= TASK ITEM =
Write out all of the entries that follow, word for word, but skip the pictures.

= INFORMATION =
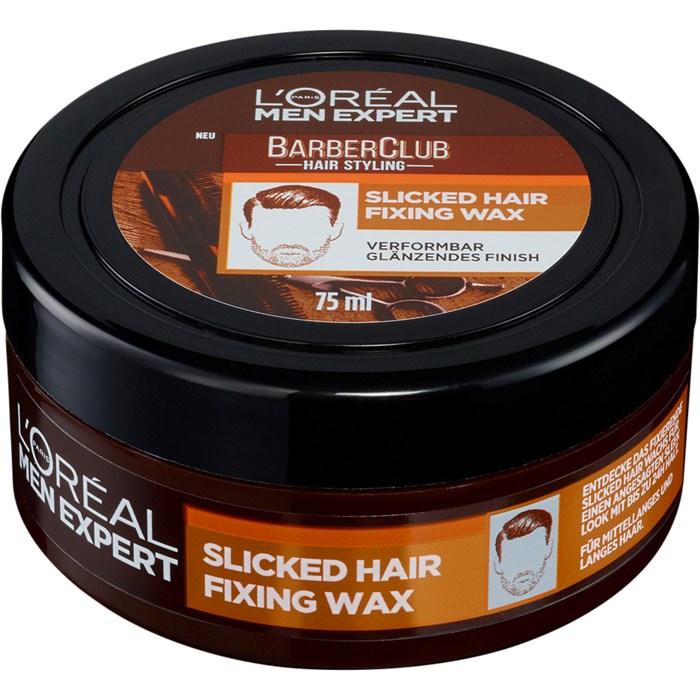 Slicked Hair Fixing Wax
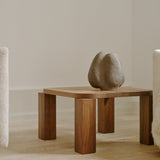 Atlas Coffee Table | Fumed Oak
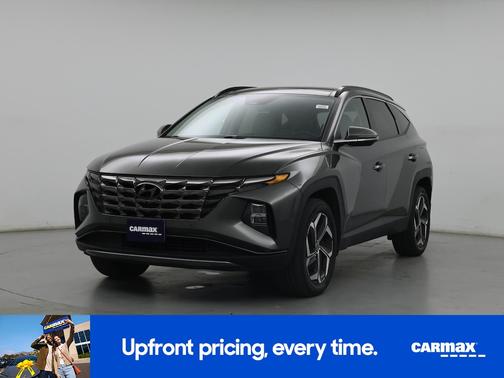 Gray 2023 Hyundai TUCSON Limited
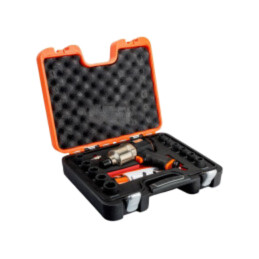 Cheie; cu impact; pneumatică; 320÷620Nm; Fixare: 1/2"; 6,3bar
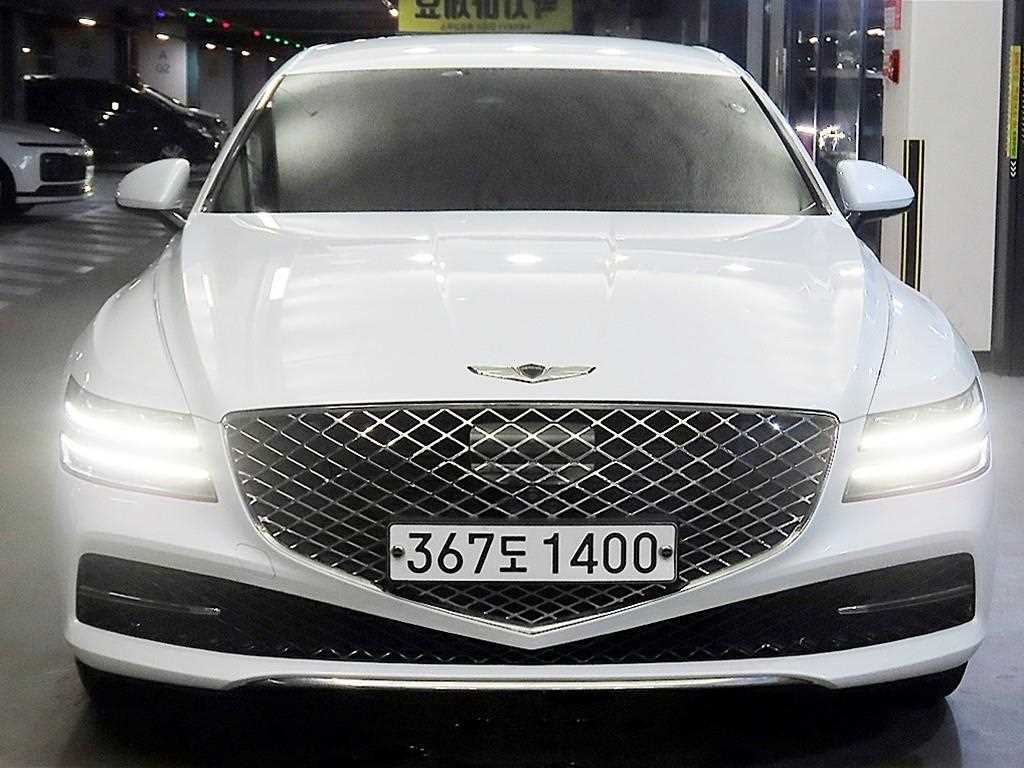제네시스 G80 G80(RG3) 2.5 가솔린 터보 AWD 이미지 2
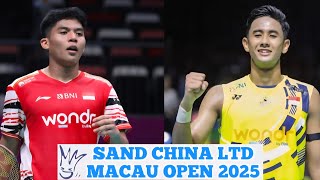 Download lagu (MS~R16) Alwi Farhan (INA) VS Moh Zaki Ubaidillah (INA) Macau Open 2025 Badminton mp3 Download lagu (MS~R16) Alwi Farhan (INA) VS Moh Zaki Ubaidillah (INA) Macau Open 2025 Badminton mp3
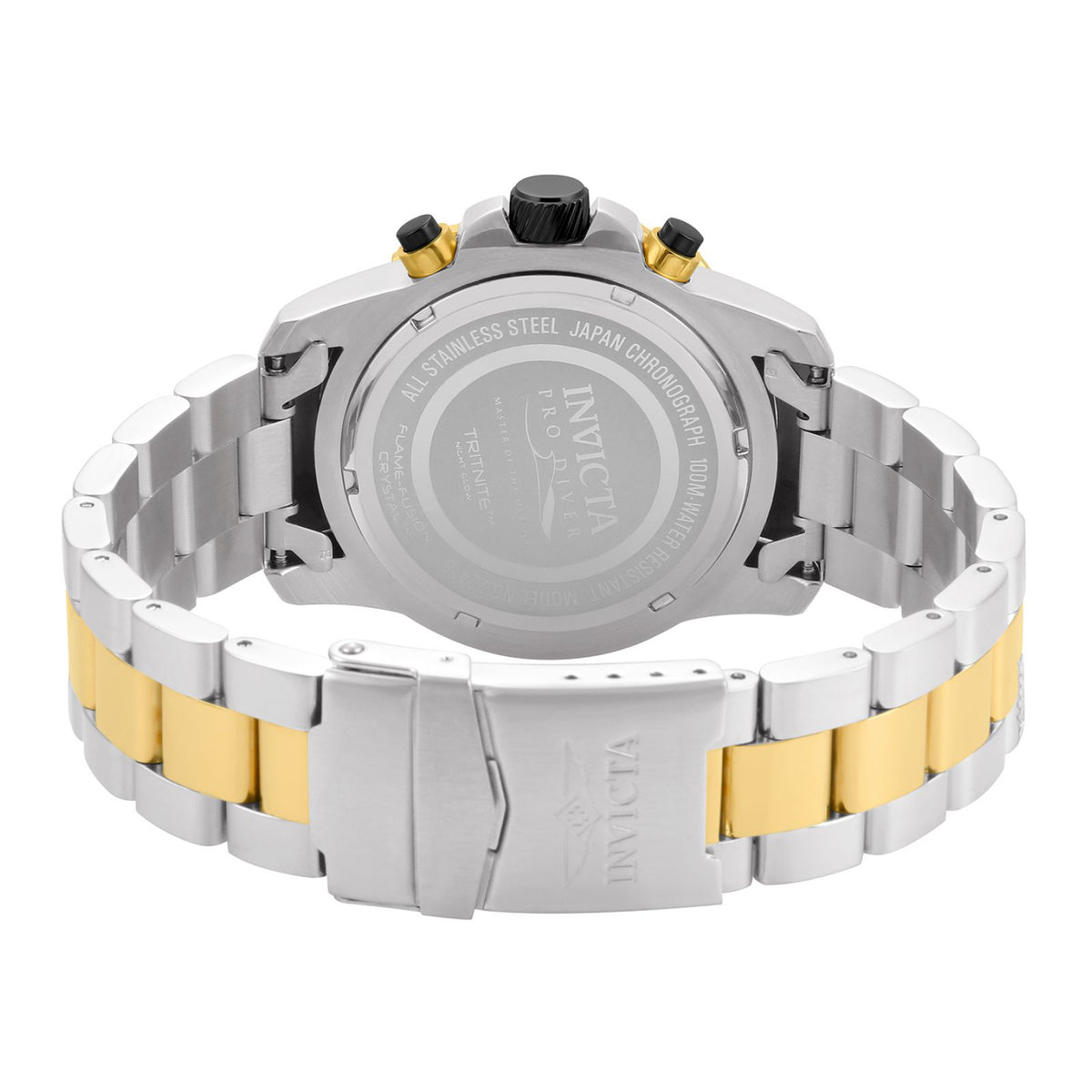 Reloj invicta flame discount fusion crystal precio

= EXERCISE RESULT =
 Slicked Hair Fixing Wax
 Atlas Coffee Table | Fumed Oak
 Gray 2023 Hyundai TUCSON Limited
 Cheie; cu impact; pneumatică; 320÷620Nm; Fixare: 1/2"; 6,3bar
제네시스 G80 G80(RG3) 2.5 가솔린 터보 AWD 이미지 2
 Download lagu (MS~R16) Alwi Farhan (INA) VS Moh Zaki Ubaidillah (INA) Macau Open 2025 Badminton mp3 Download lagu (MS~R16) Alwi Farhan (INA) VS Moh Zaki Ubaidillah (INA) Macau Open 2025 Badminton mp3
 Reloj invicta flame discount fusion crystal precio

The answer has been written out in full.